Indeed, what would be your reaction, if you were tortured - or "merely"
treated indecently, by such harsh interrogation techniques - especially when
you knew subjectively that you possessed no information of any character,
vital or otherwise?  Tens of thousands of Iraqis have been arrested by the
US and its agents, in massive security sweeps, in the last few weeks.  The
momentary success of such random arrests necessarily may have reduced,
somewhat, but quite incidentally, the alleged levels of violence in Iraq.
However, from a human rights point of view, you would have to ask, and even
to see what is happening to these tens of thousands of people.

This is the moment of torture and human rights abuse, seeking its small
moments of temporality, lowering the standards of humanity, for a gain that
can not be sustained, at the price of inflicting larger long term losses,
soon afterwards.  I would predict, I am almost certain, prophetically, that
when these tens of thousands are released, in the coming months, the levels
of violence in Iraq will reach even higher and more deadly levels.  That is
what happens when you torture people - when you subject them to harsh and
indecent treatments - when you treat them like objects and not like human
beings.

Common Humanity may be a high standard, but we will never reach it, nor even
come nearer to it, in Iraq, or in America or anywhere in this world, by
increasing our practices that are antithetical to it.

This is the argument of the Bush lawyers.  They are generally morally
confused about the standard for the rule of law.  The standard for law lies
in the difference between private opinion and public opinion.  Bush's
lawyers have constantly asserted - solely on the basis of their own present
holding of power, alone -- that their private opinion, as to what the law
ought to be, is the law that is now ruling.  They have, in short, no moral
faith in the rule of law, as that which might be transcendent, above all
people, and their own private opinions.  In the hubris of power, they have
effaced the law, obscured its features, and arrogantly inserted their own
chosen images as the proper idols to be worshipped.  But, law is never so
accidental, never so speculative - though ever tyranny would have you
believe that only its claims to power matter.

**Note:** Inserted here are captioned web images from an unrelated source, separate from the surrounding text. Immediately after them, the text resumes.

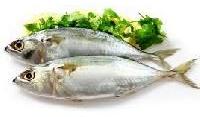 Indian Mackerel Fish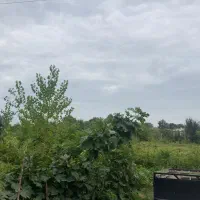 فروش زمین ۱۲۴ متری در آب و برق|فروش زمین و ملک کلنگی|رشت, آب و برق|دیوار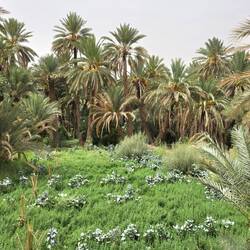 Palmeraie de la Vallée du Ziz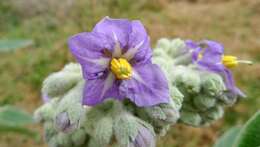 Image of earleaf nightshade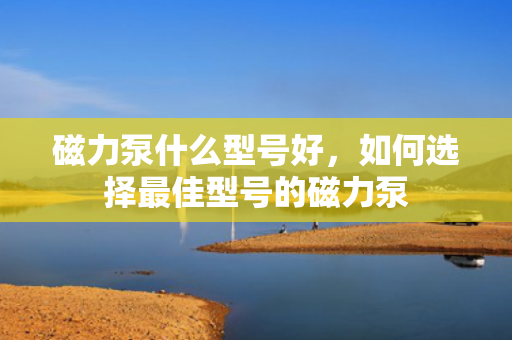 磁力泵什么型号好，如何选择最佳型号的磁力泵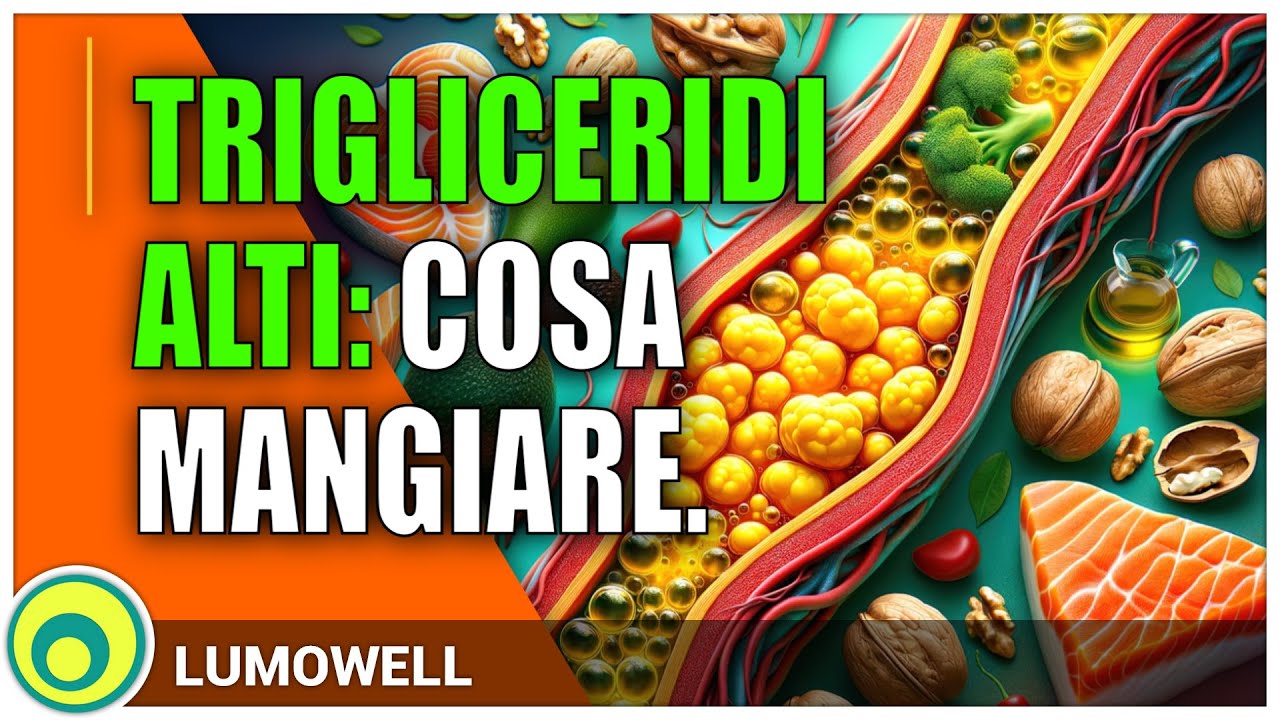 cibo per cani con trigliceridi alti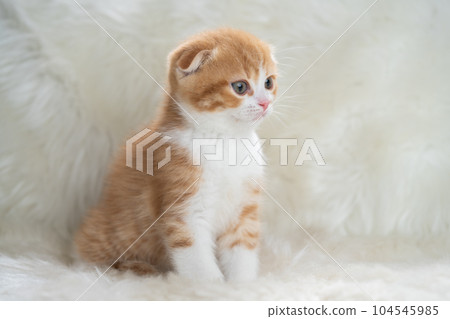 蘇格蘭折疊的小貓 蘇格蘭折疊的小貓 104545985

Law is not the personal whimsy of kings and other such tyrants, of men like
Saddam Hussein, Stalin or Bush.  These latter are men who inspire terror,
who rule by fostering fears.  They would ever hold humanity down, to glory
in the vanities at their own elevations and personal powers.  Such is
foolish vastness of moral evil in all their empires.  Yet, it is their
ideology that ever commonly pervades the many who now would rule in their
name.  Such is the sad moral tale of the Bush war gang's criminal
conspiracy, against Iraqis, or Americans, even against all humanity.